Well, it's that time of year again when we ask the question: Is this Oscar fever, or just late-winter flu?

Let's start on a positive note by acknowledging the genius of the Academy Awards, now in its 86th incarnation. Decades before "gamification" became a marketing fad, the movie industry turned its winter movie marketing into a popular play-at-home contest called the Oscar pool. Will it be Jennifer Lawrence or Lupita Nyong'o for Best Supporting Actress? The Lone Ranger or Jackass Presents: Bad Grandpa for Best Makeup? Talk about your nail-biters.

The consensus narrative that has emerged is that 12 Years a Slave is still the slight favourite for Best Picture, but American Hustle and Gravity are close, though the Academy voters are sworn to silence before Sunday night's live television broadcast. According to a Los Angeles Times survey, the 6,000 members of the Academy of Motion Pictures Arts and Sciences (AAMPAS) are 94 per cent Caucasian and 77 per cent male. Their median age is 62, with only 14 per cent below the age of 50 – definitely not the core movie-going audience.

In the past three years, the Academy has opted for sentimental entertainments – Argo, The Artist, The King's Speech – over more serious movies for the top honour. Could this year's competition between 12 Years a Slave and American Hustle replicate the Lincoln versus Argo contest? Will the big-hair seventies caper movie knock out the important anti-slavery costume drama again?

Johanna Schneller: It's in the Academy's interest to create some head-to-head competitions to make things exciting, because despite their best efforts, several things are diminishing the Oscar brand. Upping the list of Best Picture nominees has not helped bring as many new viewers to the broadcast – a major source of revenue for AAMPAS – as they had hoped. Nor has it given most of the nominees an "Oscar bump" at the box office, as it once reliably did: Gravity went into the contest with huge numbers, but smaller films (Her, Philomena, Nebraska, even 12 Years a Slave) haven't seen any real uptick. And finally, after the Golden Globes, the guild awards shows (which used to be private, but some are now broadcast), the critics prizes … audiences are feeling more awards fatigue then ever. They need something to care about on Oscar night.

Geoff Pevere: "Care." Now there's the magic word. Why "care" about the Oscars? This is a mystery I've struggled with for years, as my interest in and passion for the movies has only clarified just how little about the Oscars is worth caring about. … The Oscars are really little more than an outrageously glammed-up game show, of far more interest as an off-track betting opportunity or office-party pool splash than anything to do with merit or actual value, and this status as pure numbers, couch-spud bully pit has only intensified in the social media/Internet age. All you really need to know about the event's fundamental irrelevance to anything meaningful movie-wise is in those stats: These are voted on by largely by old white guys who don't go to movies. Johanna also nails it: it may be the granddaddy of awards shows, but now that's like being the first condo flanking the Gardiner Expressway.
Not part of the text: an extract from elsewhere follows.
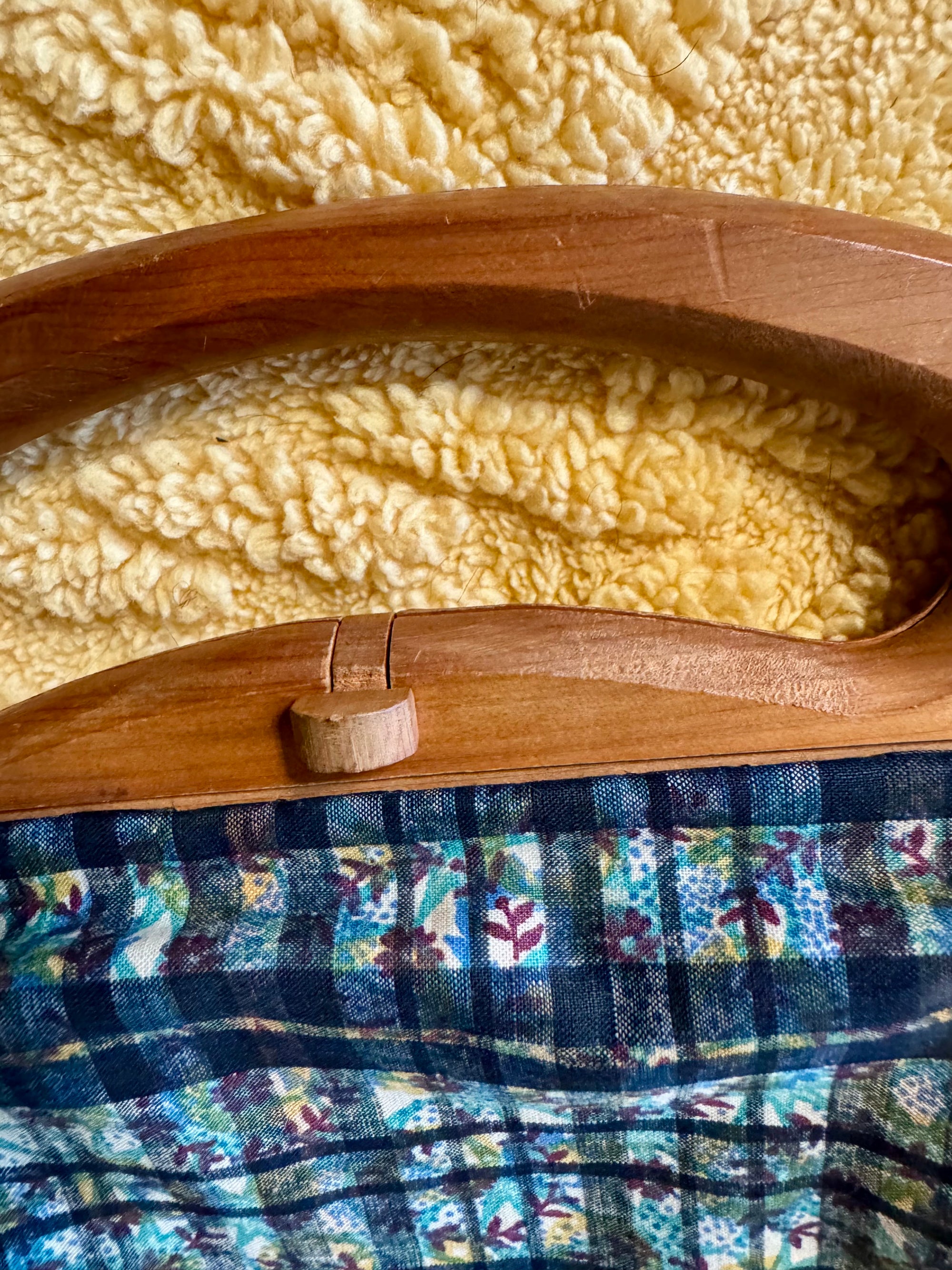 60s H A &E Smith Bermuda Bag Floral Plaid Batik Cedar Handle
JS: It doesn't help that many of the awards are practically already won. Maybe I've been watching too much Olympic coverage, but I liken the Oscar race to many of the Olympic events. There are only three best picture nominees in medal contention – Gravity, American Hustle and 12 Years a Slave. The rest are there simply to wear their colours and wave. The races for best actress, actor and supporting actor are even more locked up, kind of like the Canadian women in curling: Barring major slipups, the gold will certainly go to Cate Blanchett, Matthew McConaughey and Jared Leto. So again, what's needed is some head-to-head drama: ingenues Jennifer Lawrence and Lupita Nyong'o duking it out for best supporting actress; speed-talking Mexican Alfonso Cuaron versus speed-talking Italian-American Martin Scorsese for best director.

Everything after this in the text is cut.